Es una completa aberración pensar que el ocultamiento o la negación a ultranza de unos hechos tan traumáticos y escandalosos podría beneficiar a la Iglesia católica. ¡Craso error! Cuando hay una infección en el cuerpo o se gangrena uno de sus miembros, lo mejor es cortar por lo sano para que no perezca todo el cuerpo. Y, como en nuestra Iglesia no se cortó la pederastia cuando se tenía que cortar, hoy nos encontramos con una Iglesia gangrenada. La cosa ha salido a la luz, para mayor escarnio, ahora, en tiempos en que se cuestiona la mayoría de los procedimientos eclesiales de evangelización, tiempos de secularización que poco a poco van dejando lo templos vacíos. No es cuestión de pararse ahora a valorar este fenómeno, que tiene otras muchas causas y al que pueden prestarse otros muchos remedios, sino de dejar constancia únicamente de que, conforme a la sabiduría del refrán popular, de aquellos polvos nos vienen estos lodos.
Medidas urgentes
Tras denunciar valientemente los casos que todavía pudieran seguir ocultos y afrontar sin contemplaciones los abusos que pudieran estar cometiéndose en nuestro tiempo, una vez delatados y castigados los pederastas, las jerarquías eclesiásticas deberían hacer, a mi modesto entender, dos cosas importantes.
Primera. A pesar de que, por lo general, el mundo eclesial sea un mundo en que abunda la pobreza material, las jerarquías eclesiales deberían someterse a una vida mucho más austera a fin de ahorrar lo suficiente para indemnizar como es debido a las víctimas de los abusos en las cuantías legales pertinentes, por muchos años que hayan transcurrido desde la comisión de los delitos. Además, como la Iglesia es depositaria de una inmensa riqueza espiritual, los jerarcas deberían volcarse por completo en la atención humana y religiosa de esas mismas víctimas, tras demostrarles que no han sido víctimas de un sistema hermoso, el sistema que predica el amor incondicional y gratuito de Dios a los hombres, sino solo víctimas de un accidente fatal, el de haber caído en las fauces de un depredador, algo así como si las hubiera sorprendido indefensas un huracán o un maremoto.
Una gran obra
Una valoración equilibrada de la situación nos lleva a pensar que, por muchos que sean los casos de pederastia a cuyo desvelamiento asistimos atónitos y escandalizados en nuestros días, no dejan de ser una ínfima minoría comparados con los sacrificios que hacen tantísimos hombres y mujeres ejerciendo un sacerdocio célibe o cumpliendo como Dios manda los votos que han prometido. Se trata de cientos de miles de seres humanos que nos demuestran con sus obras que se puede sublimar la condición humana en aras de un amor efectivo a Dios y a los seres humanos, especialmente a los más desvalidos.

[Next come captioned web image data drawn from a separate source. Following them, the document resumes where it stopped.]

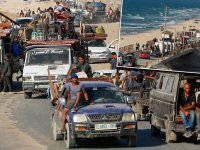 Gazze'de yeni göç dalgası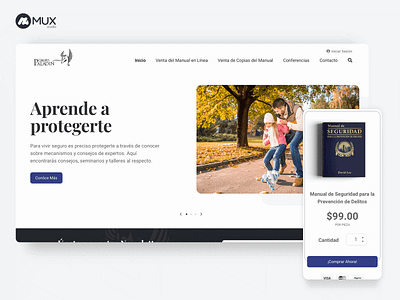 UI Design for Grupo Paladin design minimal ui uidesign uxdesign webdesign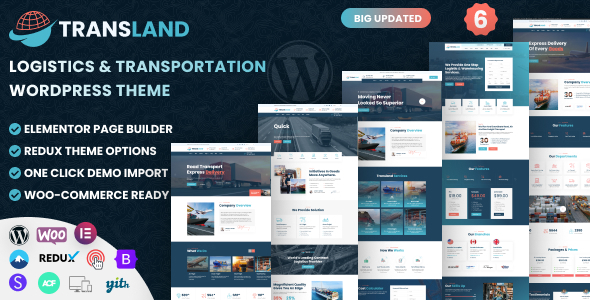 Transland - Transport & Logistics WordPress Theme Logo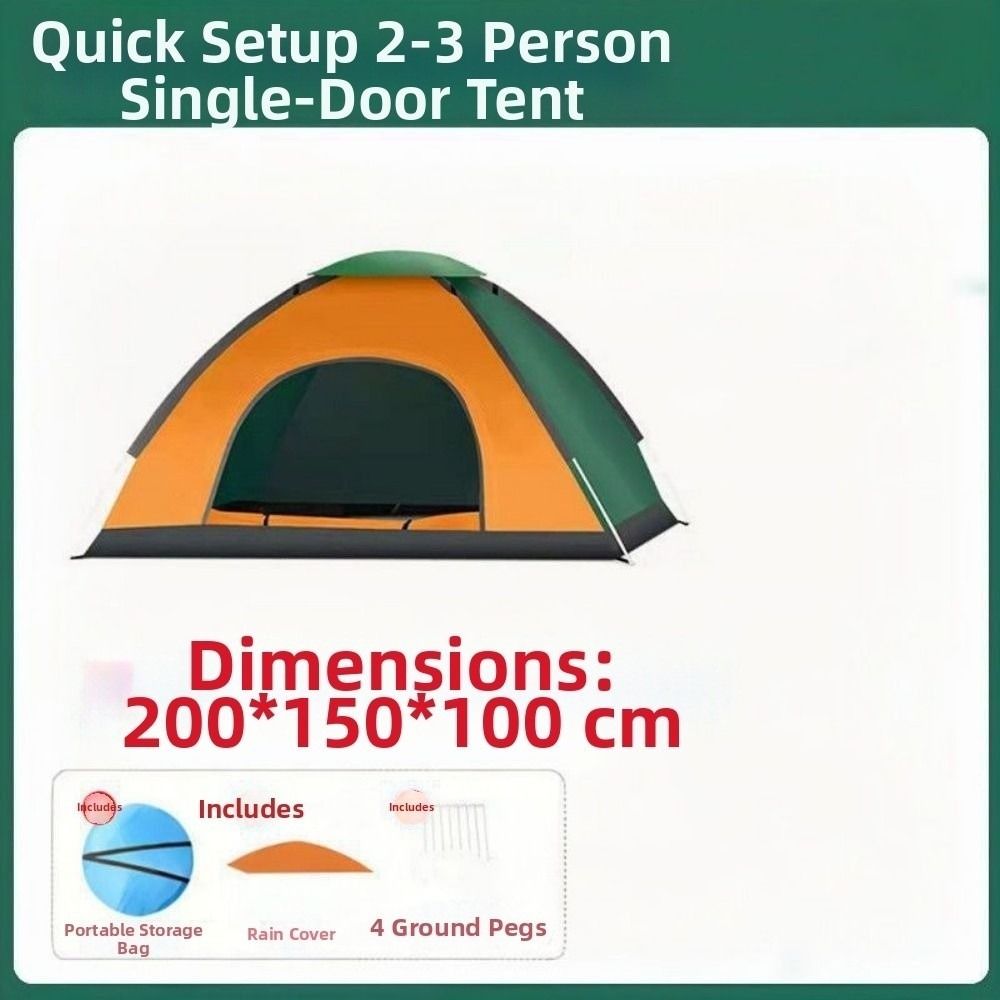 Namiot automatyczny dla 1-4 os – Camping Hammock With Mosquito Net Rainfly recenzja i cena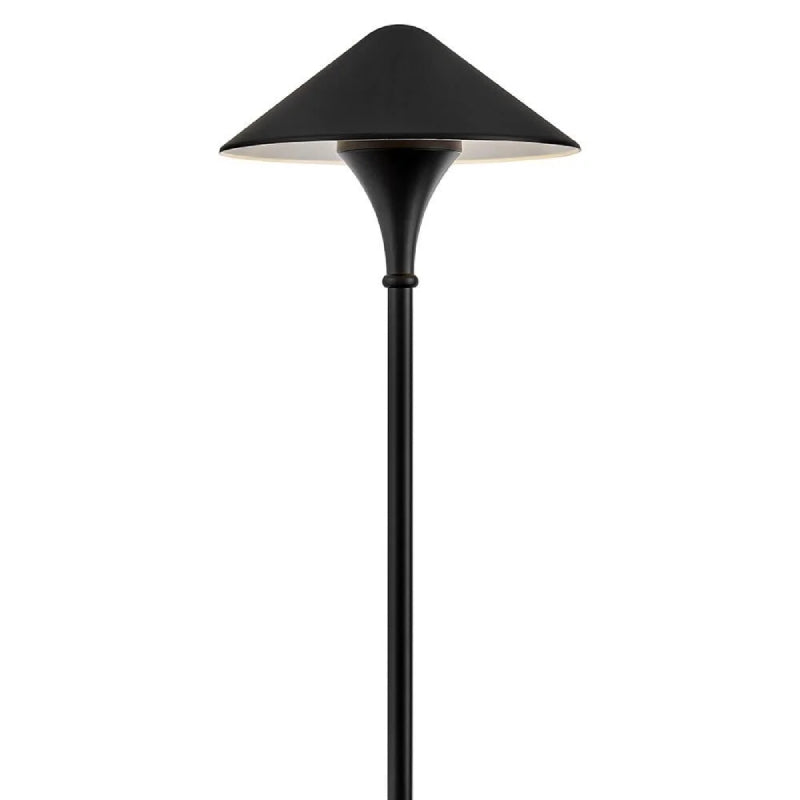 Hinkley 56100 Apex 1-lt 27" Tall LED Path Light - Black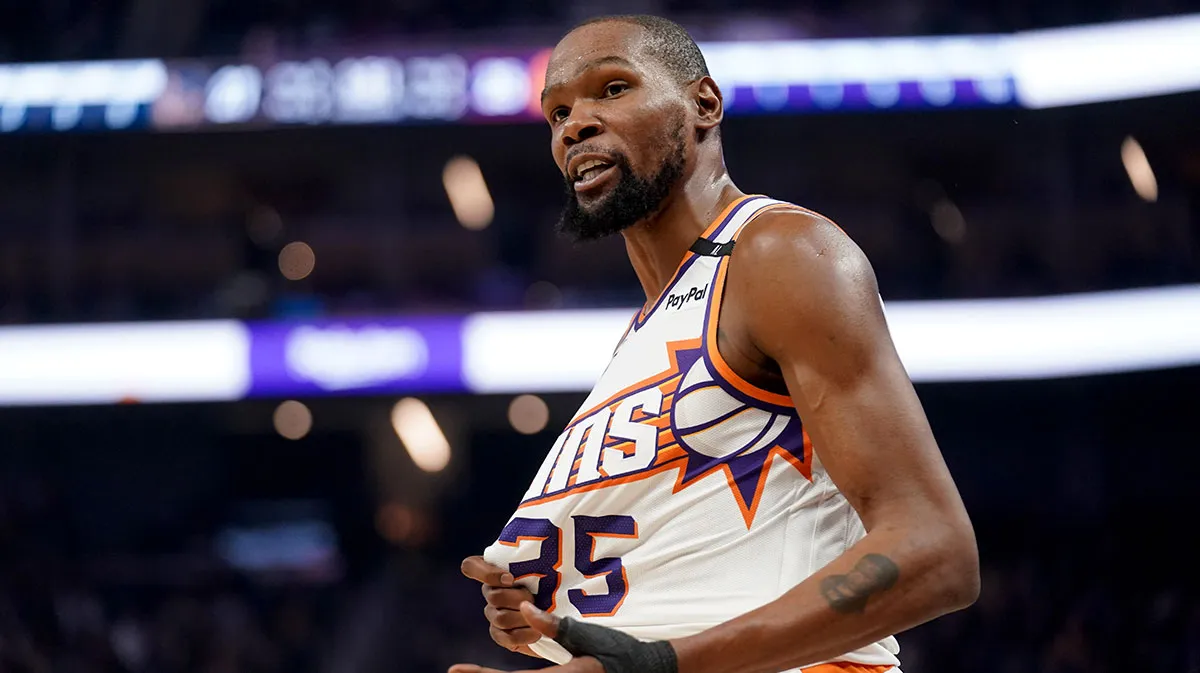 Read more about the article Kevin Durant Trade Drama – Suns Turn Down Spurs Offer as NBA Draft Looms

Quedémonos hoy con que es preciso acompañar y atender generosamente a las víctimas de los abusos sexuales, más si se trata de niños, y con que, por duros y crueles que sean los escándalos, no deberíamos olvidar la ejemplaridad de los comportamientos de tantos hombres y mujeres que trabajan para que el Reino de Dios llegue a nuestras vidas. El altar cristiano, lejos de ser una hornacina para exhibir la mierda humana, es un alto horno de purificación. ¡Ojalá que la jerarquía eclesial mantenga ese horno siempre encendido!